Yahoo Breach Settlement Could Be the First Test of New Class Action Guidelines
Lawyers have responded to U.S. District Judge Lucy Koh's questions in what could be the first test case for new class action settlement guidance in California's Northern District.
November 14, 2018 at 05:23 PM
5 minute read
The original version of this story was published on The Recorder
In what appears to be the first test case for the Northern District of California's new class settlement guidance, lawyers submitted new details about the $85M Yahoo data breach settlement in response to probing questions from a federal judge.
Following lawyers' court papers to approve last month's settlement, one of the largest for a data breach, U.S. District Judge Lucy Koh issued two orders for supplemental information that largely mimic the Northern District of California's new guidance for class action settlements, widely considered the strictest in the nation.
In a Nov. 9 response, some of which was sealed, lawyers filled up 21 pages answering Koh's nine questions, which included more information on the potential class recoveries had the case not settled and the lodestar, or the amount of hours billed by plaintiffs lawyers multiplied by their average hourly rates. Among other things, the guidance said lawyers should provide billing calculations in their fee request and estimate the recoveries had plaintiffs succeeded on their claims.
In their response, lawyers attached an exhibit detailing a lodestar of $22 million for 32 law firms, including Morgan & Morgan, New York's Milberg Tadler Phillips Grossman and Casey Gerry Schenk Francavilla Blatt & Penfield in San Diego. Yet information regarding how much the class could have gotten if the case had not settled was largely sealed.
“Disclosure of this information would reveal class counsels' work product and mental impressions of the case,” wrote plaintiffs' lawyer John Yanchunis in a declaration. “Protection of attorneys work product in the form of mental impressions is sacrosanct.”
Neither Yanchunis, of Morgan & Morgan in Tampa, Florida, nor defense attorney Ann Marie Mortimer of Hunton Andrews Kurth in Los Angeles, responded to requests for comment. The defendants are Altaba Inc., the division of Verizon formerly known as Yahoo, and Oath Holdings Inc., which owns Yahoo's holding company.

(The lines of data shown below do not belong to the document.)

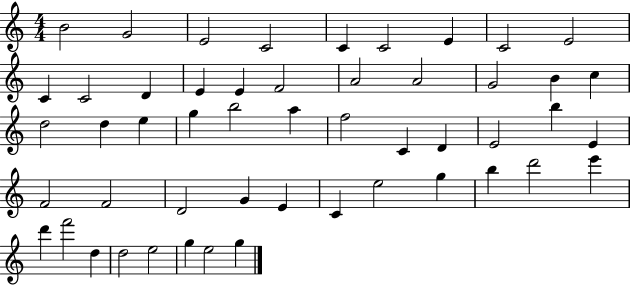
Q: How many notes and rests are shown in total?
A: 51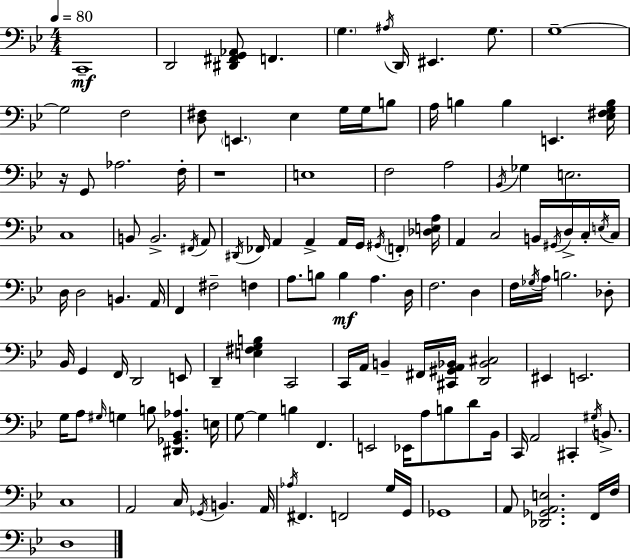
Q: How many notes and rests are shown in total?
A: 130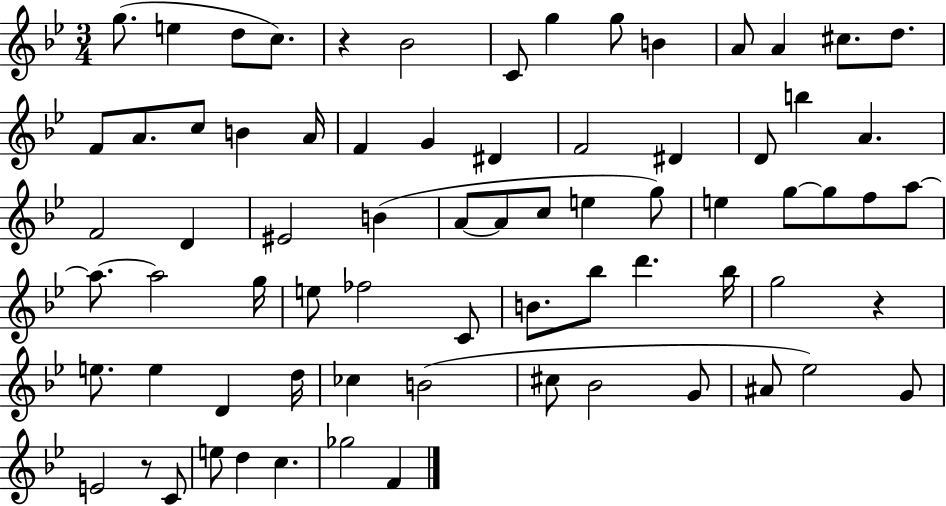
{
  \clef treble
  \numericTimeSignature
  \time 3/4
  \key bes \major
  \repeat volta 2 { g''8.( e''4 d''8 c''8.) | r4 bes'2 | c'8 g''4 g''8 b'4 | a'8 a'4 cis''8. d''8. | \break f'8 a'8. c''8 b'4 a'16 | f'4 g'4 dis'4 | f'2 dis'4 | d'8 b''4 a'4. | \break f'2 d'4 | eis'2 b'4( | a'8~~ a'8 c''8 e''4 g''8) | e''4 g''8~~ g''8 f''8 a''8~~ | \break a''8.~~ a''2 g''16 | e''8 fes''2 c'8 | b'8. bes''8 d'''4. bes''16 | g''2 r4 | \break e''8. e''4 d'4 d''16 | ces''4 b'2( | cis''8 bes'2 g'8 | ais'8 ees''2) g'8 | \break e'2 r8 c'8 | e''8 d''4 c''4. | ges''2 f'4 | } \bar "|."
}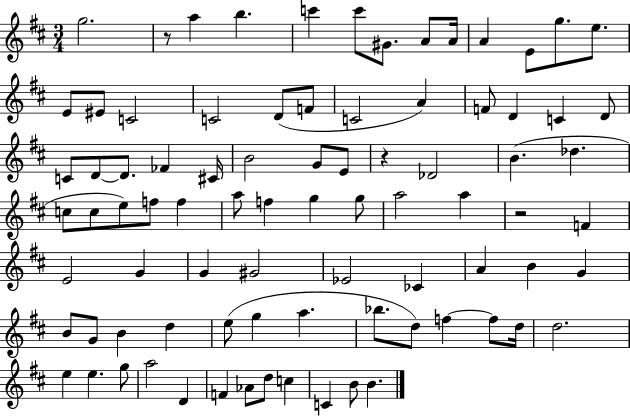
{
  \clef treble
  \numericTimeSignature
  \time 3/4
  \key d \major
  g''2. | r8 a''4 b''4. | c'''4 c'''8 gis'8. a'8 a'16 | a'4 e'8 g''8. e''8. | \break e'8 eis'8 c'2 | c'2 d'8( f'8 | c'2 a'4) | f'8 d'4 c'4 d'8 | \break c'8 d'8~~ d'8. fes'4 cis'16 | b'2 g'8 e'8 | r4 des'2 | b'4.( des''4. | \break c''8 c''8 e''8) f''8 f''4 | a''8 f''4 g''4 g''8 | a''2 a''4 | r2 f'4 | \break e'2 g'4 | g'4 gis'2 | ees'2 ces'4 | a'4 b'4 g'4 | \break b'8 g'8 b'4 d''4 | e''8( g''4 a''4. | bes''8. d''8) f''4~~ f''8 d''16 | d''2. | \break e''4 e''4. g''8 | a''2 d'4 | f'4 aes'8 d''8 c''4 | c'4 b'8 b'4. | \break \bar "|."
}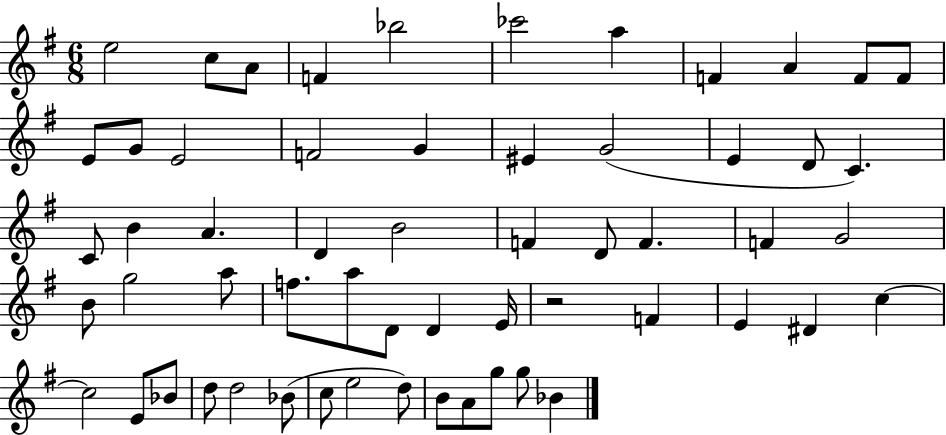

Koh plans to hear oral arguments on preliminary approval of the settlement at a Nov. 29 hearing.
In 2016, Yahoo announced that 500 million accounts had been hacked in 2014, compromising names, email addresses, phone numbers, birth dates and passwords. Months later, Yahoo disclosed another breach in 2013 that affected 1 billion accounts, a figure that Verizon increased to 3 billion last year. The settlement also involves a third breach in 2015 and 2016.
The deal is one of the largest data breach settlements in U.S. history. It resolves cases in multidistrict litigation before Koh, as well as those brought in California state court, later coordinated in Orange County Superior Court, and class actions brought in Israel.
The settlement includes a $50 million fund from which consumers can make claims for cash reimbursements of out-of-pocket costs, such as fraud charges and professional fees, associated with the breaches. In addition, Yahoo has agreed to provide at least two years of credit monitoring and identity theft protection insurance to class members, and implement enhancements to its security programs.
Lawyers filed a motion for preliminary approval on Oct. 22. Then, on Nov. 1, the Northern District of California published its new guidance on class action settlements.
On Nov. 2, Koh ordered the lawyers in the Yahoo settlement to provide more information. She also asked why the deal involved 200 million individuals with about 1 billion Yahoo accounts, when three breaches compromised more than 3 billion accounts. She also asked about how they selected the settlement administrator and the number of class members expected to submit claims—both aspects in the guidelines. In a Nov. 5 order, Koh asked more questions about the calculation of the plaintiffs' fee request and the use and retention of class member data provided in the settlement.
In their response, lawyers said they reached the 200 million figure by estimating that 80 percent of the U.S. population of adults living in the United States had Yahoo accounts during the class period. They noted that the number of accounts dropped after Koh dismissed claims by account users in foreign countries, except Israel. Not to mention, they wrote, many individuals had more than one account.
They estimated that between 1 percent and 3 percent of class members would submit claims, based on other breach cases. They also said that Yahoo is paying for and selected the settlement administrator, whose costs could be more than $5 million.
As to the class member data, lawyers said it would be “stored in a climate-controlled data center, with security cameras and restricted key access,” and transferred through a “secure web portal” and “encrypted file share.”